Beyond the pioneering Surrealist lens, Miller was also a war correspondent in the 1940s, when she and Life photographer David E. Scherman travelled around Germany, resulting in the now-infamous portrait of a nude Miller perched in Adolf Hitler’s bathtub in Munich. Miller’s own photographs from the period include haunting images of Nazi suicides or a bombed-out London, where she captured a model in front of piles of rubble for the usually glamorous pages of Vogue. In her private life, Miller turned to culinary escapades to cope with the gruesome scenes and experiences.
This underdocumented period of her life is brought to light by her granddaughter, Ami Bouhassane, who has painstakingly compiled Miller’s favourite recipes in Lee Miller: A Life with Food, Friends, and Recipes, out this month. “I got tired of the last 20 years of her life being overlooked,” says Bouhassane. “It happens quite a bit when creative women’s stories are told – it’s like after childbirth or around menopause their inventiveness miraculously no longer exists.”
Following her war reportage, Miller suffered from PTSD, and cooking was her escape; she studied at Le Cordon Bleu in Paris, and had intended to write a cookbook, having begun a collection of cookbooks so large her husband built a separate room to house them.
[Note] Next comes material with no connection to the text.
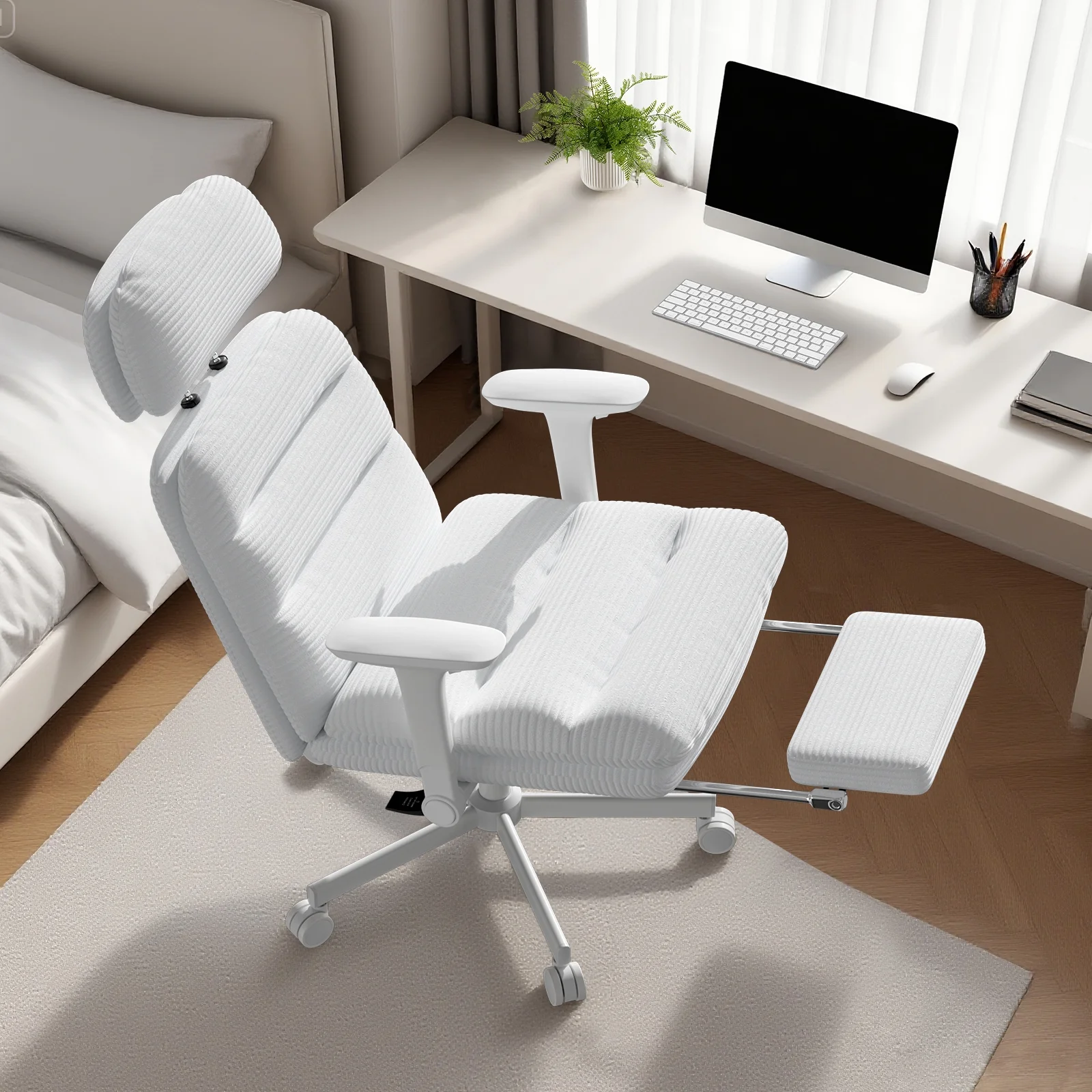 HomeZeer Ergonomic Cross-Legged Office Chair with Footrest & Headrest, Heavy Duty Executive Desk Chair with Flip-up Armrests, Corduroy Fabric Computer Criss Cross Chair for Home Office, Black - Image 28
Touches of Miller’s life as a gourmet chef are documented back in the familiar pages of Vogue; in 1965, Miller (then Mrs Roland Penrose) shared recipes like “Green Chicken for Eight People” in a spread documenting her transition from photographer to chef, the author wryly describing how she cooked “surrounded by Picassos” and the newest kitchen gadgets.
While Miller took life seriously as a gourmand, elements of her surreal past often slipped in: “We had a fair bit of blue spaghetti and very odd coloured scrambled eggs when growing up!” says Bouhassane. Though she was a mere three months of age when her grandmother passed in the late 70s – “we never got to have any kind of conversation that we both understood,” she says, “[though] I know she wrote about me to some of her friends and we have some pictures of me in her arms” – her work as a chef and photographer still permeated Bouhassane’s adolescence thanks to Bouhassane’s father Anthony Penrose, who established the Lee Miller Archive and dedicated his life to sustaining her memory, leaving Bouhassane to follow in his footsteps.
Calling it Miller’s “most extraordinary personal accomplishment,” Bouhassane credits Miller’s cooking as the means with which she combatted serious PTSD – and later, post-natal depression following Anthony’s birth. “Through her material, you can see she has good patches where she’s upbeat and productive, and then there are months and months of struggle or nothing,” says Bouhassane. “But she sticks with her passion, and slowly she emerges.”
More than a traditional cookbook, Lee Miller: A Life with Food, Friends & Recipes is an exploration of this underreported aspect of Miller’s life, and a testament to the healing power of cooking. “It [gave] her a new creative outlet and way to stretch her brain when taking pictures commercially was too hard, and too close to parts of her life she was trying to forget. It was also a way to build bridges with her mother, and enjoy the gift of good food and friends, when you have seen what it is like first hand to have none,” she adds. “It’s extraordinary because it was a long, hard process, and the most complex of all her transformations.”
Lee Miller: A Life with Food, Friends & Recipes is out from November 16, 2017, published by Penrose Film Productions Ltd and Grapefrukt Forlag.